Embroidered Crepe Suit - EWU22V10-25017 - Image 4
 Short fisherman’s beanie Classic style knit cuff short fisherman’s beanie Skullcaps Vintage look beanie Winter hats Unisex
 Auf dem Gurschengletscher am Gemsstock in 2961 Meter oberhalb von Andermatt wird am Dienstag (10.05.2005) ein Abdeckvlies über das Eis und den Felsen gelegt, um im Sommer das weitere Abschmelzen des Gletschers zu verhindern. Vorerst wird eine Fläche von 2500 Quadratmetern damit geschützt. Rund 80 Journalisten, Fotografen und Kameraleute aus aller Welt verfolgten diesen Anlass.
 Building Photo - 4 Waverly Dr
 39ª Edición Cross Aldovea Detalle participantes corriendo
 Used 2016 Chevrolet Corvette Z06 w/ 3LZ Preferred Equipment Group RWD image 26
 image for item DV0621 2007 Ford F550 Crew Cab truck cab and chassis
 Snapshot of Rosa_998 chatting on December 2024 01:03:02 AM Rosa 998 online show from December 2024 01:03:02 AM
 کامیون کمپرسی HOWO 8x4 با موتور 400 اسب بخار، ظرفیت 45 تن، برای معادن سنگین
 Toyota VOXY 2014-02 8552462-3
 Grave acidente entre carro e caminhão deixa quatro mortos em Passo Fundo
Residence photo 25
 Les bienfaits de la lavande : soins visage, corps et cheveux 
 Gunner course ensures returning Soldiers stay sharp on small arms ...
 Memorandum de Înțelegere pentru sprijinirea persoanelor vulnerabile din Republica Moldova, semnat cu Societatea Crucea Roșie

• _YOUR OBJECTIVE_: Exactly as it appears above, write out the complete listing.

• _ANSWER FOR THE TASK_:
Embroidered Crepe Suit - EWU22V10-25017 - Image 4
 Short fisherman’s beanie Classic style knit cuff short fisherman’s beanie Skullcaps Vintage look beanie Winter hats Unisex
 Auf dem Gurschengletscher am Gemsstock in 2961 Meter oberhalb von Andermatt wird am Dienstag (10.05.2005) ein Abdeckvlies über das Eis und den Felsen gelegt, um im Sommer das weitere Abschmelzen des Gletschers zu verhindern. Vorerst wird eine Fläche von 2500 Quadratmetern damit geschützt. Rund 80 Journalisten, Fotografen und Kameraleute aus aller Welt verfolgten diesen Anlass.
 Building Photo - 4 Waverly Dr
 39ª Edición Cross Aldovea Detalle participantes corriendo
 Used 2016 Chevrolet Corvette Z06 w/ 3LZ Preferred Equipment Group RWD image 26
 image for item DV0621 2007 Ford F550 Crew Cab truck cab and chassis
 Snapshot of Rosa_998 chatting on December 2024 01:03:02 AM Rosa 998 online show from December 2024 01:03:02 AM
 کامیون کمپرسی HOWO 8x4 با موتور 400 اسب بخار، ظرفیت 45 تن، برای معادن سنگین
 Toyota VOXY 2014-02 8552462-3
 Grave acidente entre carro e caminhão deixa quatro mortos em Passo Fundo
Residence photo 25
 Les bienfaits de la lavande : soins visage, corps et cheveux 
 Gunner course ensures returning Soldiers stay sharp on small arms ...
 Memorandum de Înțelegere pentru sprijinirea persoanelor vulnerabile din Republica Moldova, semnat cu Societatea Crucea Roșie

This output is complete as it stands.